Cases of thrombosis, including venous thromboembolism, have been reported with the use of corticosteroids. Therefore, corticosteroids should be used with caution in patients with thromboembolic disorders or those predisposed to their development.
Steroids should be used with caution in patients with hypertension, as they may further increase the risk of further elevation of blood pressure. Such patients should be treated under close medical supervision and for the shortest possible period of time.
Gastrointestinal disorders.
High doses of corticosteroids can cause the development of acute pancreatitis.
There is no evidence that corticosteroids themselves play a role in the development of peptic ulcers observed during therapy; however, glucocorticoid therapy may mask the symptoms of peptic ulcers and perforation or bleeding may occur without significant pain.

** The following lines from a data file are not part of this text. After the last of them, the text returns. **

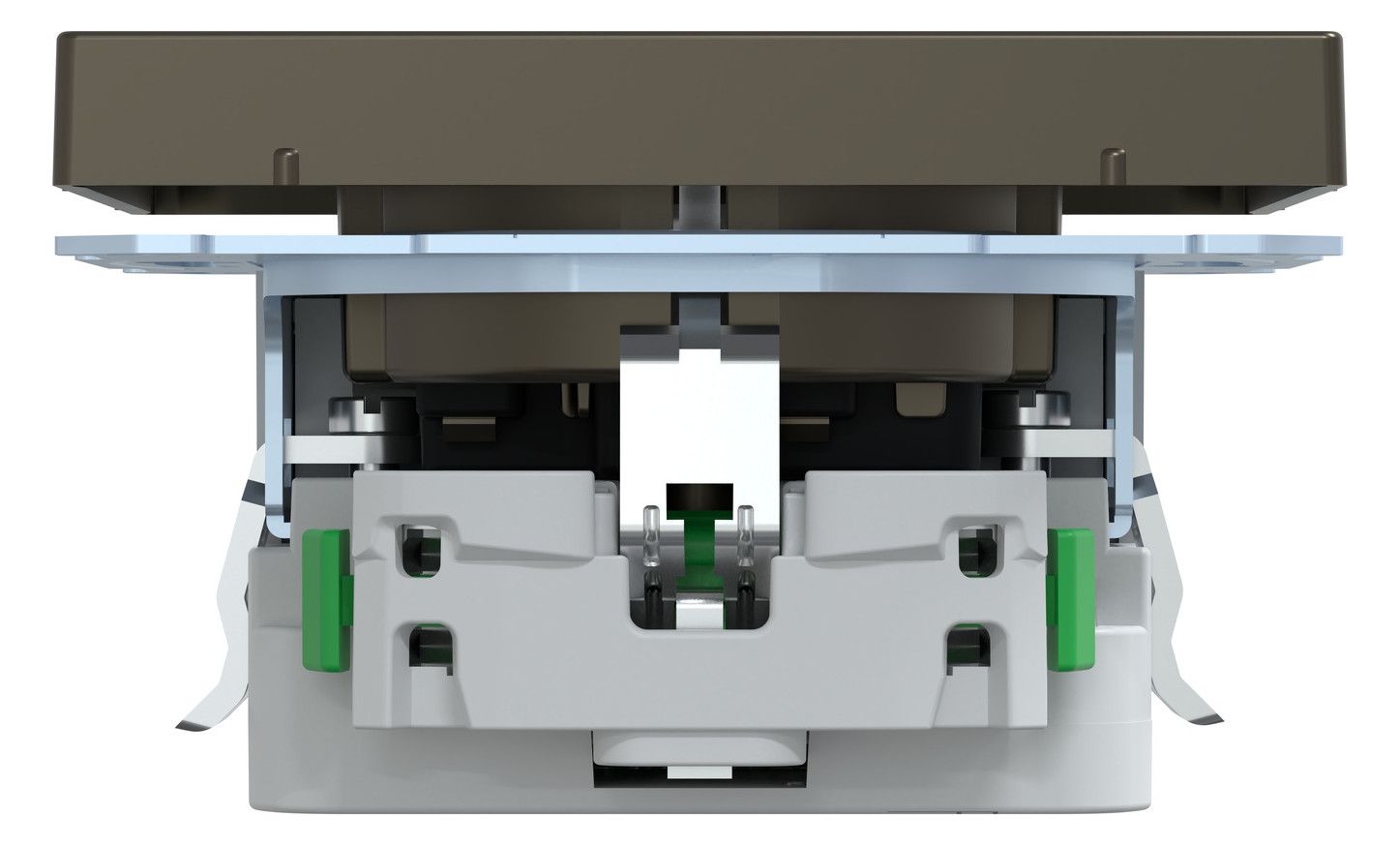 Mert MEG 2366-6052 Schuko-Steckdose m.USB Ladegerät Moccametallic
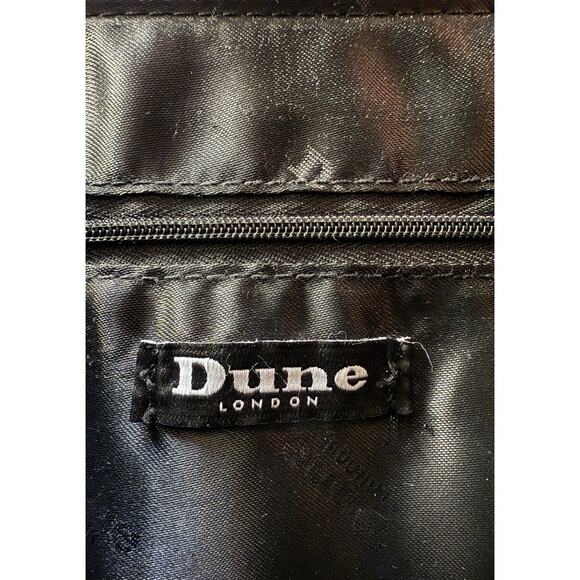 Dune London Purse Top Handle Crossbody Black White Tweed Plaid Gold Bag Charm - Picture 8 of 16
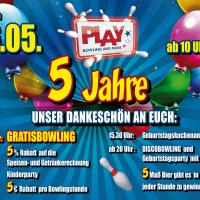 5 Jahre PLAY Bowling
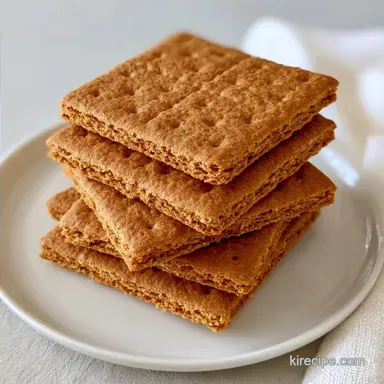 Healthy Homemade Graham Crackers: Baked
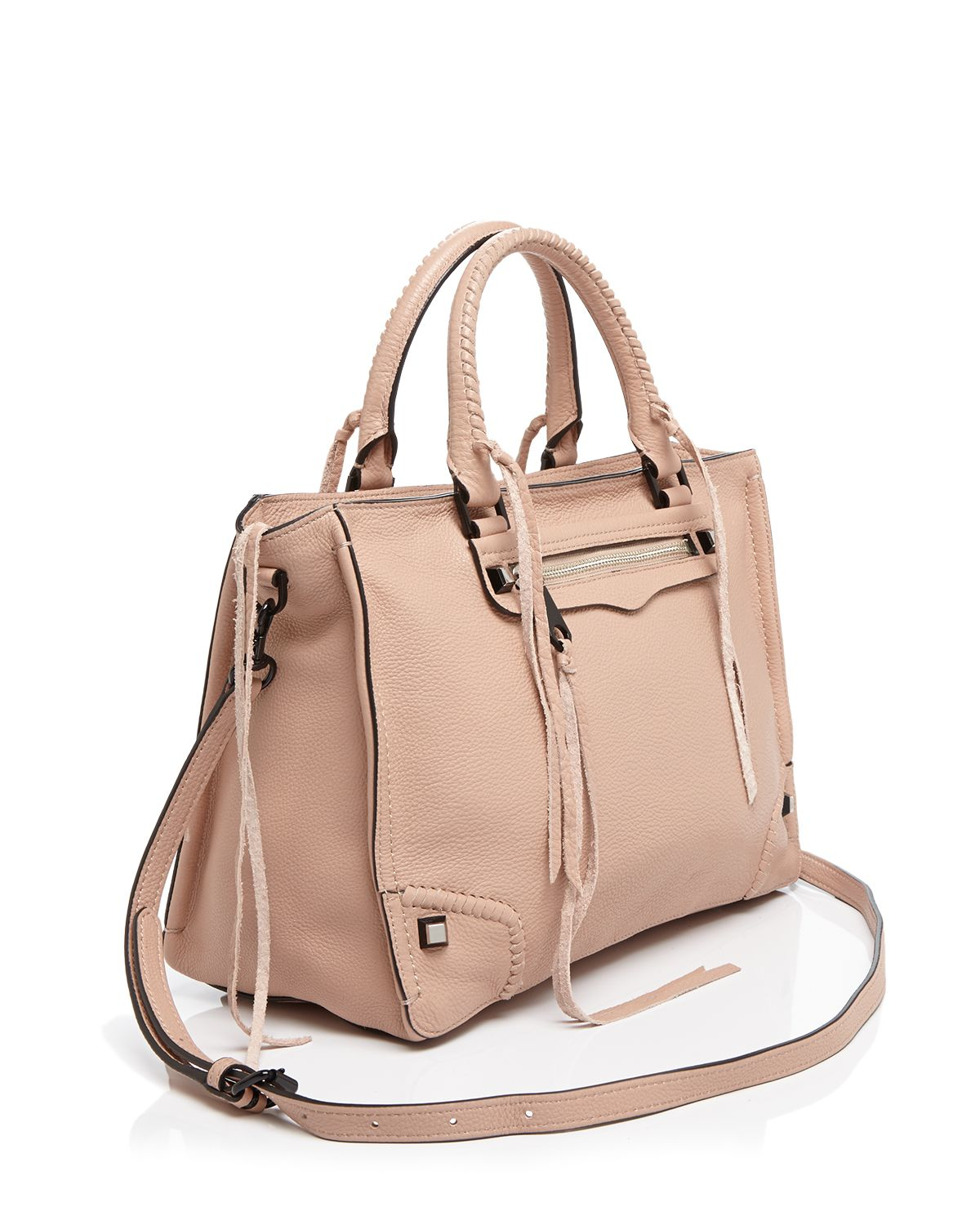 Rebecca Minkoff Regan Satchel in Black/Black (Black) Lyst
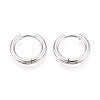 304 Stainless Steel Hoop Earrings EJEW-T048-24A-P-1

Glucocorticoid therapy may mask peritonitis or other signs or symptoms of gastrointestinal disorders such as perforation, obstruction, or pancreatitis. When used in combination with NSAIDs, the risk of gastrointestinal ulcers is increased.
Corticosteroids should be used with caution in patients with: nonspecific ulcerative colitis, if there is a possibility of perforation, abscess or other purulent infections; diverticulitis, recent intestinal anastomoses, active or latent gastric or peptic ulcers.